Nevins, having spent much time in the south, considered making the record in Nashville, but ultimately decided “her own backyard” was the better fit. Wood and Stone was recorded in Woodstock, New York at Levon Helm’s studio and is produced by Larry Campbell, a much-sought-after musician/producer renowned for his work with Bob Dylan and still rolling from the success of Helm’s two Grammy- winners, “Dirt Farmer” and “Electric Dirt.” “I feel so fortunate to have had the opportunity to work with Larry Campbell. I am honored to have had him both produce and play on my record. He’s an amazingly talented and soulful musician. He has a very natural, down-to-earth approach and an instinctual insightfulness that I really appreciate; he really “got” what I was after.”
“’Team Levon’ was fabulous,” Nevins says. “Everyone made me feel very welcome and Levon himself plays drums on two of the songs –‘You’ve Got It All’ and ‘The Beauty of the Days Gone By.’ Justin Guip did the engineering and played drums on most of the tracks, Byron Isaacs was on upright bass, Larry played acoustic guitar and I played fiddle or guitar– the four of us were the ‘core’ band.” Campbell also played electric guitar, pedal steel, mandolin, banjo, cittern, and harmonium and does some double fiddling with Nevins. In addition, Nevins plays accordion and tambourine. The Heartbeats join her on a couple of songs and Teresa Williams and Allison Moorer provide harmony, as does Jim Lauderdale, most notably on the touching ballad, “Songbird.”
The intensely personal nature of Wood and Stone is also a branching out for Nevins. Several years ago, an abrupt ending to her long-standing, largely untroubled marriage left her shaken, fomenting emotions she had never felt before. “I always thought that I would be with one person forever and when that didn’t happen, it just really turned my head around,” she admits. Her subsequent relationships also incited new awareness and sentiments and these songs, she says, came pouring out as result of those experiences. “Wood and Stone is a personal expression of these emotional discoveries …these relationships over the last several years that I lost and found. And in the process…figuring out who I am…who Tara Nevins is, because as much as I fell, I also gained my personal strength and independence back.”

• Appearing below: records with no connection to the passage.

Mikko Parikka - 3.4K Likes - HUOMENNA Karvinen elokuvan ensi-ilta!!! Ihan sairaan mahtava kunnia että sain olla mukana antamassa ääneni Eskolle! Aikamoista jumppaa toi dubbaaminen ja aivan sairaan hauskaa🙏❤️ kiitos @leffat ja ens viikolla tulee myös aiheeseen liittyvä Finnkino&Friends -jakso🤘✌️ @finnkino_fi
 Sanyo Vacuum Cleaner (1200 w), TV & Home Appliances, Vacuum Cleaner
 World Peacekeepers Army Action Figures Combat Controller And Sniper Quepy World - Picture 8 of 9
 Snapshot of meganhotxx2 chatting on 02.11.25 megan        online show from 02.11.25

While the album has a traditional music undertone, with threads of old-time fiddle, Cajun and Zydeco influence, Wood and Stone is also laced with a bit of country, a dash of gospel and pinch of pop. “It’s scary to like your own record,” Nevins says laughing, “but I’m kind of proud of it. I was worried because it’s a female writing and singing all these relationship songs—I didn’t want it to come across like I had just created a musical ‘chick flick’ …but the men who have heard it so far seem to like it. I made a disc for this family friend in Tennessee. He liked it, particularly ‘Tennessee River’ and said he identified with the guy in ‘You’re Still Driving That Truck.’ When he said ‘Well, I can take the Van Halen CD out of my computer now… ‘cause this one’s gonna stay in there for a while’ I felt really good, you know?—it made me smile.”
Straight-forward, natural and plaintive, Wood and Stone is a Tour de Tara, showcasing her considerable talents and offering what Larry Campbell calls her “worldly awareness combined with a fragile innocence” through word and song on thirteen distinctive, heart-felt tracks.